It's one of those little gifts life hands you every once in awhile: a rainy Sunday morning. That which invites you to have coffee in bed, to loaf around in your pyjamas and to think of things to cook. Tomorrow I'm heading out of town for the week for work, so I've got some things in the refrigerator to use up, like a red pepper and some zucchini. I had recently noted this recipe in my Pinterest recipe collection which I'd saved from my favourite foodie blog, Skinnytaste.com, and decide to make it, modified to incorporate some not-so-skinny pancetta, also sitting there in the refrigerator. More thumbs-up from both sides of the table.
Friday night. After work we meet up with Carly for "beer o'clock" at our favouite local. Winter has returned today and it's tossing snow around the street like wispy ribbons. I have refused to bust out my warm winter coat yet, and thus walking outside to head home in my inadequate coat makes the blustery wind more unpleasant than it might otherwise. Hello winter.
Walking through the newly landscaped Clarence Square Park on my way home; looking back toward Wellington Street. It's a substantial improvement to that little part of the city, and includes a large, fenced dog run and numerous new trees. My enjoyment of the one-minute walk through it mornings and evenings is enhanced too.

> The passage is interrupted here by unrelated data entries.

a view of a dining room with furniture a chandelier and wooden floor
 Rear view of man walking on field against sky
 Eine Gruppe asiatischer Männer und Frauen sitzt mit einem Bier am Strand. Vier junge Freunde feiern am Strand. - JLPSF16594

View from my office building. In which the Toronto Argonauts are celebrated for winning the 100th annual Grey Cup. Fun to see all those suits bust out of the office for an hour to cheer on the local team. Strange, too, this parade happening on the day after an unruly and uncouth mayor gets ousted from office on a conflict of interest charge. The fun never ends.
Tonight we meet up with my girls and some of their people for a drink before going out to dinner at a nearby bistro on a gift certificate I got for my birthday back in (the MUCH MORE TEMPERATE) April from those same devoted girls.
We really enjoy the food, both indulging in the place's specialty, steak frites, and the casual ambiance of the place. I like that our mildly snobby but very attentive server is wearing low-top Converse runners with her skirt and blouse. Sitting near us is an elderly and elegant couple out on what seems to be a regular date. I wonder aloud if Ceri and I might still be going out for meal dates 30 years on. (We seem to concur – yes.)
On the walk home I admire the beauty of the city, looking east toward it on Wellington. My photo doesn't come close to capturing how it sparkles; but then it's a photo-a-day project (in spirit) and this is the one photo I got. You'll have to take my word for it.
It's the Grey Cup weekend. As a significant portion of the regular visitors to this space are not from Canada, I suppose I should say that the Grey Cup is the championship prize for the Canadian Football League. The CFL is 100 years old this year. The only people who care a lick about Canadian football, or even know it exists, are Canadians; but they really, really love it.
Each city that hosts the annual Grey Cup puts on a big party. It's an especially great party when your team is in the final. Last year I flew into Vancouver on the day their Lions won the cup. This year it is in Toronto and our Argonauts are in the final. Front Street and those around it are closed to accommodate stages and bands and vendors and beer gardens and colourful fans from all over the country.
We walk up from my place to crash the party. The wind is wicked and whips down from the north; it's bloody cold. Football fans from those cccold provinces like Alberta and Saskatchewan and Manitoba and Quebec (and they're all here, along with those from the practically local Ottawa and Hamilton and the not the least bit local British Columbia), would laugh at my complaints. Nevertheless, it's fun to be a part of this very Canadian 100 year old party.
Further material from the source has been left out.